Birinci yaklaşım, Sovyetler Birliği’nin ihtiyaçları doğrultusunda Kemalizm’e kurban edilen Tarihsel TKP trajedisidir. Bu yaklaşım, hem Tarihsel TKP’yi yok etmiş hem de sınıf uzlaşmacısı bir ideolojik-siyasal gelenek yaratmıştır. Günümüzde sosyal-şoven ve reformist siyasetler, Tarihsel TKP’den kaynaklanan bir motivasyon taşır.

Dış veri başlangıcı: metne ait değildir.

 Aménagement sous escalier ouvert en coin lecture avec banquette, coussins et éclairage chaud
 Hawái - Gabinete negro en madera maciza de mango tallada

İkinci yaklaşım ise İbrahim Kaypakkaya’da temsil edilir. Türkiye komünist hareketinin en nitelikli Kemalizm tartışması, Kaypakkaya’nın önderliğinde Türkiye İhtilalcı İşçi Köylü Partisi (TİİKP) içinde yürütülmüştür. Tartışmanın bir tarafı Doğu Perinçek’tir. Perinçek’in Kemalizm savunusu, Tarihsel TKP’nin oportünist çizgisini aşarak, Türk burjuva devletinin bir fraksiyonuna dönüşme etkisi yaratmıştır.

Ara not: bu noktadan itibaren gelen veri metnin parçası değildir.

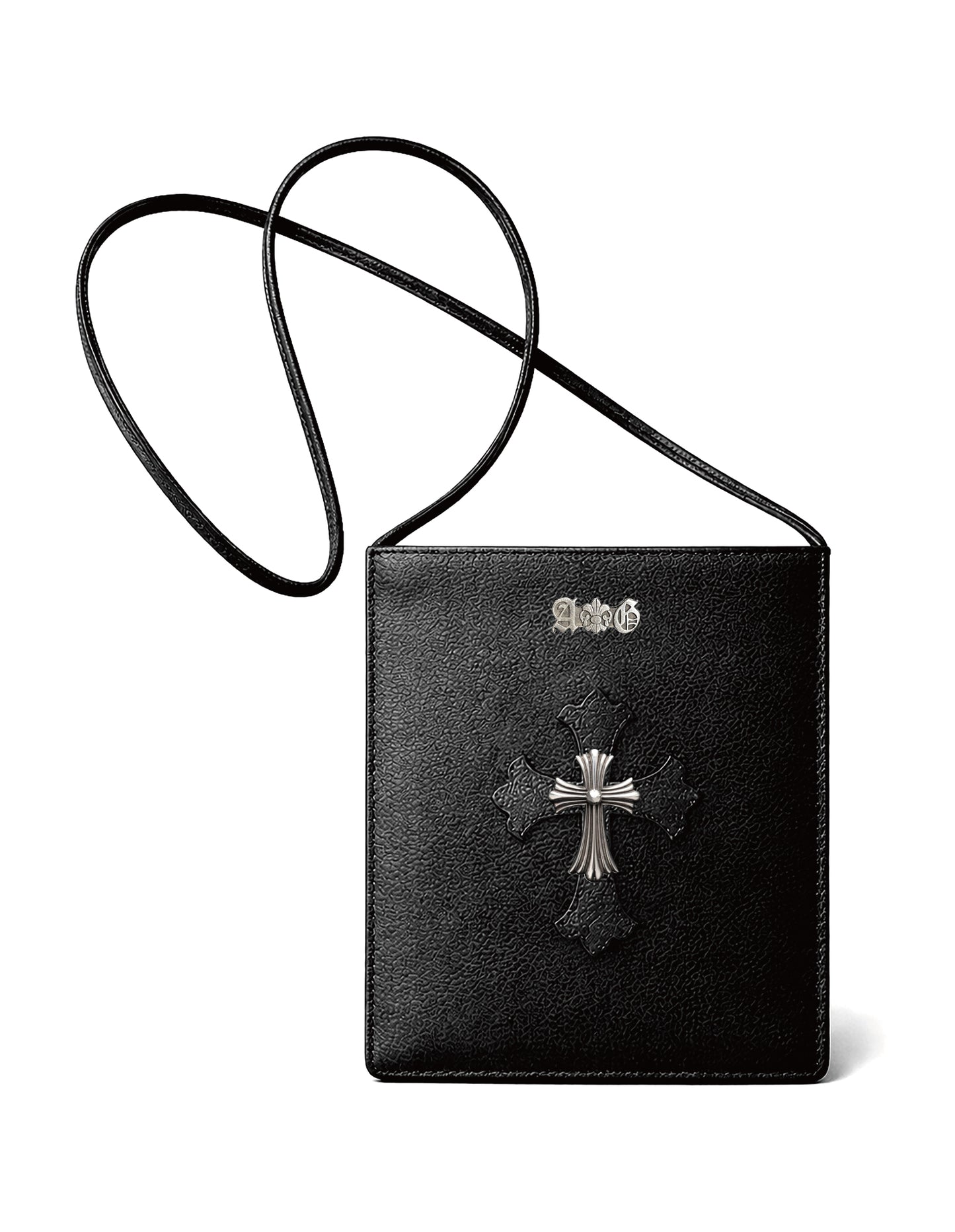 A&G【受注】BLACK LEATHER SHOULDER MINI BAG CROSS45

Kaypakkaya ise Kemalizm’i esastan olumsuzlamış, düşman sınıfın kurucu ideolojisi olarak tanımlamıştır. “Kemalizm, faşizmdir” diyerek meseleyi anlaşılır ve uzlaşmaz bir zeminde ortaya koymuştur. Bu çizgi, İslamcı burjuva geleneğe karşı Kemalist burjuva geleneğin yamacından kopan tarihsel oportünizme karşı bir proleter devrimci kopuştur. Kaypakkaya’nın ulusal sorun çözümlemesi de bu nedenle berraktır. Bugün solda Kemalizm’e yelken açan her siyasal çevre, ilk olarak Kaypakkaya’ya saldırmaktadır. Kaypakkaya çizgisi, Türkiye ve Kuzey Kürdistan’da tutarlı bir komünist çizginin doğuşunu temsil eder ve proleter devrimci çizgi için kutup yıldızı niteliğindedir.